Opamp U1A is used as an amplifier. Its gain depends on the DS resistance of JFET T1. The lower this resistance, the larger the gain of U1.

The resistance between T1's Drain and Source depends on VDS and VGS. To keep VDS as small as possible, R1 and R3 will first devide the input voltage by 100. The voltage between Gate and Source is controlled by U2.

U2 amplifies U1A's output signal. To prevent a too strong low-frequency response, the signal is filtered by an HPF consisting of C2 and R7. U2's gain is determined by P1. D1 makes sure that only negative half cyles make it to the Gate, since the JFET can only pinched off by a negative Gate voltage. The negative half cycles are smoothed by C1. Please note that 'the positive' of C1 is connected to ground, because the voltage across it will always be negative!

A small input voltage will result in a small output voltage at U1A and U2. At T1's Gate, there will thus be a small negative voltage.
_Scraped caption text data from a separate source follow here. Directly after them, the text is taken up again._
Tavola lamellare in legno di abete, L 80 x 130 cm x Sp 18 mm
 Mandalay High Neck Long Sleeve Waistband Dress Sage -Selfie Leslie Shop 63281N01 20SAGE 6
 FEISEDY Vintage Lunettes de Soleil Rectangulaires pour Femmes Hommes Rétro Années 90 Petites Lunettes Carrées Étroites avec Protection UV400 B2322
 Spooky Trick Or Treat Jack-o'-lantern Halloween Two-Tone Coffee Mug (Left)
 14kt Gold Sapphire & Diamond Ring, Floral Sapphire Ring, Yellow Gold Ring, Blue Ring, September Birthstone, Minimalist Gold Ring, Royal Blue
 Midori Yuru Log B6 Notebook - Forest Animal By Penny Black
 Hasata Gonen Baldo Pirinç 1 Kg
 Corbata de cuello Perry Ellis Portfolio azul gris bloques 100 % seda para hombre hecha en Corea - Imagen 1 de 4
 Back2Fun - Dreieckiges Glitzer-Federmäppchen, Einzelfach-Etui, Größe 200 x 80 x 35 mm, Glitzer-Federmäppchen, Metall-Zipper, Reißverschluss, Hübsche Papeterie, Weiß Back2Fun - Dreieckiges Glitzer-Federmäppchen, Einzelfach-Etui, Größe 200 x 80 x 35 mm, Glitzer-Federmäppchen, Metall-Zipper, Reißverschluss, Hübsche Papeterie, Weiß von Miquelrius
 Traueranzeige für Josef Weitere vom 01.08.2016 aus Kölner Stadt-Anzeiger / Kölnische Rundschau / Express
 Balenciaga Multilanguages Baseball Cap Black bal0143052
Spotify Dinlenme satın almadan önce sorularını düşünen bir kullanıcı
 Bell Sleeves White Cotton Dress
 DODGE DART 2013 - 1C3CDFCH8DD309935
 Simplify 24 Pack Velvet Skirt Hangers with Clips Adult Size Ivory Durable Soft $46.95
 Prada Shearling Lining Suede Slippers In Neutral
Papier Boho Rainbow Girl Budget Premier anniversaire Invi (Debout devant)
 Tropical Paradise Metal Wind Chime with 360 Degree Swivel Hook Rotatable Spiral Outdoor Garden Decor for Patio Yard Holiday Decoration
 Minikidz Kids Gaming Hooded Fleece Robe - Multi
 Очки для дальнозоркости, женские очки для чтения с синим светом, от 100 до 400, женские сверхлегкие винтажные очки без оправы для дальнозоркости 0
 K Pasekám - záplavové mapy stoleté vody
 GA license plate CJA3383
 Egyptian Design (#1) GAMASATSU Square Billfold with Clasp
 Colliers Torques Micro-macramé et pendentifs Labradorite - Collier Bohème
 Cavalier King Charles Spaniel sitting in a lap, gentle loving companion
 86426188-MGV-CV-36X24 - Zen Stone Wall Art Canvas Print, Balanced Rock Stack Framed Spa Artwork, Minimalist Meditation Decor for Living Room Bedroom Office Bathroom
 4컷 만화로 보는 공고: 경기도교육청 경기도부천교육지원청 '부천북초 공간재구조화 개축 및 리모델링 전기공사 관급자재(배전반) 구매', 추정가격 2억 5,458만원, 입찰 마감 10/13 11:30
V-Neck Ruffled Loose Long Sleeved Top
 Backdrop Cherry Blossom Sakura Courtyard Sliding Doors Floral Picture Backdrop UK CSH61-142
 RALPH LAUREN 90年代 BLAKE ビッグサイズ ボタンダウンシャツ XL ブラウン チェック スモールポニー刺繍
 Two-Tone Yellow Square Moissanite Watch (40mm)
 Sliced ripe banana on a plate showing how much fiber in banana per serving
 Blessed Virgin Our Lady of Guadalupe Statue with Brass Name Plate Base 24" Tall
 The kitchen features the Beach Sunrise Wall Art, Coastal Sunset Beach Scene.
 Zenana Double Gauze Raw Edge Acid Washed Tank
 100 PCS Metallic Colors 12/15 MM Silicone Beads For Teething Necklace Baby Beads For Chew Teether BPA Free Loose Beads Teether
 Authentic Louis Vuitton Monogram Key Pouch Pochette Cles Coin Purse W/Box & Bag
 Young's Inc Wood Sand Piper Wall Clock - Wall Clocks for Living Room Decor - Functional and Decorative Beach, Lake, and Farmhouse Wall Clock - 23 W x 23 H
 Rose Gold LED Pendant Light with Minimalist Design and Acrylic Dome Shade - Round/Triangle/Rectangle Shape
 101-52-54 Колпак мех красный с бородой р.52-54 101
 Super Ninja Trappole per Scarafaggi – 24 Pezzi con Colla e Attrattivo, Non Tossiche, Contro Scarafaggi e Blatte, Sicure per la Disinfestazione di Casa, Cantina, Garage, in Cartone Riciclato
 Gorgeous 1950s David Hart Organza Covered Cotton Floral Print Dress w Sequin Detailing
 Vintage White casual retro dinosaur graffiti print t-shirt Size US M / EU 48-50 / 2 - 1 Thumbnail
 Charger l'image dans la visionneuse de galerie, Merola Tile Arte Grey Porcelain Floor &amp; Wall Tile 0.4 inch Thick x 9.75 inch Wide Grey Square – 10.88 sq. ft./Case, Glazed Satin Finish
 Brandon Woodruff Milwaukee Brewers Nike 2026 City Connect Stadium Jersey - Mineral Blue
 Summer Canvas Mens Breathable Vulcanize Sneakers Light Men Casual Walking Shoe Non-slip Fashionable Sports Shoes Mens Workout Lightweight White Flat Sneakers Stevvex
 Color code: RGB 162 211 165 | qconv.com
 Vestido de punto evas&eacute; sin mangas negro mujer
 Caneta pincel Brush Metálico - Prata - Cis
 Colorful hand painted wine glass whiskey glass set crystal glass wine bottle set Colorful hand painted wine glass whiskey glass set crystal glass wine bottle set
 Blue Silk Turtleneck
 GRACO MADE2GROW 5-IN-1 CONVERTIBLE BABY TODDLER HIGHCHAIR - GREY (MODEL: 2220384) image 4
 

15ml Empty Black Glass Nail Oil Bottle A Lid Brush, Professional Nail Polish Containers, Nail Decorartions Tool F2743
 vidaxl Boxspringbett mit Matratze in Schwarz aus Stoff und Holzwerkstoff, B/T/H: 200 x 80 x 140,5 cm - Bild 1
The DS resistance will therefore be low and U1A's gain will be high.

A larger input voltage will cause a more negative voltage at the Gate, resulting in a higher DS resistance, and a lower gain.

So U1A's gain is higher for small input voltages and smaller for large input voltages. And that is exactly what we want.

The minimum DS resistance of the chosen FET is about 150Ω. The maximum gain of U1A is therefore about 100. The maximum DS resistance is infinite, so the minumum gain is unity.

Assume that P1 has been set so that U2's gain is 10. Also assume that T1's pinch-off voltage is -1.5V. If the input voltage is 0V, U1A's gain will be 100, because the Gate voltage is also 0V.

If the input voltage is 200mVtop the output amplitude at U2 will initially be 200mV/100∙100∙10 = 2V. This voltage will charge C1. This will cause the Gate voltage to become more negative, increasing the DS resistance and decreasing the gain of U1A. The output voltage at U2 will therefore decrease as well. C1 will be charged less and less rapidly. Eventually the Gate voltage will give U1A a gain at which the output voltage at U2 equals the Gate voltage.

What will happen if the Gate voltage is almost equal to the pinch-off voltage and the input voltage is increased even more? The FET will never get pinched-off completely, because U1A's gain will then be unity and that will never be enough to maintain the Gate voltage at pinch-off voltage (unless the input voltage is increased to 15Vtop, but this circuit is not meant for that). So the output voltage at U2 will not increase. This means that the output voltage at U1A cannot increase either. At the certain input voltage (depending on the position of P1 and the pinch-off voltage of the FET) the amplitude of the output voltage remains the same! So this circuit can prevent overdriving the next stage.

The circuit around U1B provides some extra gain.